The second variant, temporal ensembling, compares the prediction of the network in the current epoch with the predictions obtained in the previous epoch. The dropout and data augmentation can be used as well. So the unsupervised loss L U for this approach is calculated as follows:

L U (x) = |C| ∑ i=1 (y i − ỹi ) 2 , (6)

where y is the current output of the network in the training step and ỹ is the output of the network in a different state or for augmented input. Our open-source implementation is publicly available at https://github.com/c0zzy/semi-supervised-ann.

Validation using a simple artificial experiment

Firstly, we tried our implementations of two semi-supervised methods mentioned above and a fully supervised baseline on a two-dimensional example. We chose simple generated moon-shaped data, which are often used for testing of classification or clustering algorithms. The data consist of two classes, that are linearly inseparable but do not overlap so that the classification can be performed with no error. The advantage is that we can easily visualize the classification decision border in two dimensions and examine the behavior of the algorithm. For every method in this experiment, we used the same MLP architecture with two hidden layers, the first having 64 neurons and the second 32 neurons.

In Figure 1, we present two different arrangements of labeled and unlabeled data, each solved by the fully supervised learning, Pseudo-labeling, and Π-model. In the first experiment, we tested the ability of the algorithm to learn from a small amount of data, there are two moonshaped clusters, each having 1000 samples, where only 16 of each are labeled. We let each network to train for 300 epochs. Even though the supervised learning had available samples distributed over the whole cluster, it was not able to learn the correct shape using only 32 samples. The Pseudo-labeling algorithm could not improve the results using the unlabeled data. However, the results of the Πmodel are notably better as it managed to capture the moon shape quite well.
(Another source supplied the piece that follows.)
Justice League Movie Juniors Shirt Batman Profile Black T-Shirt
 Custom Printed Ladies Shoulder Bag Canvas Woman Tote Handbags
In the second experiment, we tried if the algorithms can deal with a drift in the training data. This time we used clusters with 10,000 samples and labeled only 1000 points that lie near the center, for each class. We trained the networks for 100 epochs as having it run longer did not improve the results of either of the methods. The supervised algorithm could only use the labeled data that are linearly separable. So it learned to classify the labeled data with zero error, and we present it only as a baseline for comparison. Pseudo-labeling again failed to use the information contained in the unlabeled data, and its accuracy was similar to the fully supervised learning. Also in this task, the Π-model was able to use the smoothness of the data and performed the best of three methods. To quantify the results, we summarized the prediction accuracy tested on the whole clusters in Table 1. Completing these experiments, we observed that the results of the Pseudo-labeling correspond to the idea behind the algorithm. It makes the network's decision more confident as it uses the interim predictions as if they were the true labels. Also, the decision border did not seem to converge to a stable finale state throughout the learning. It kept shifting closer to one or the other class, roughly in the range where the confidence of the supervised learning was low. We managed to get decent results using the Πmodel, and it proved to be able to capture the smooth distribution of data. However, the algorithm was susceptible to inappropriate setting of hyperparameters. It often happened that one class became dominant during the training, and the Π-model could not recover from that.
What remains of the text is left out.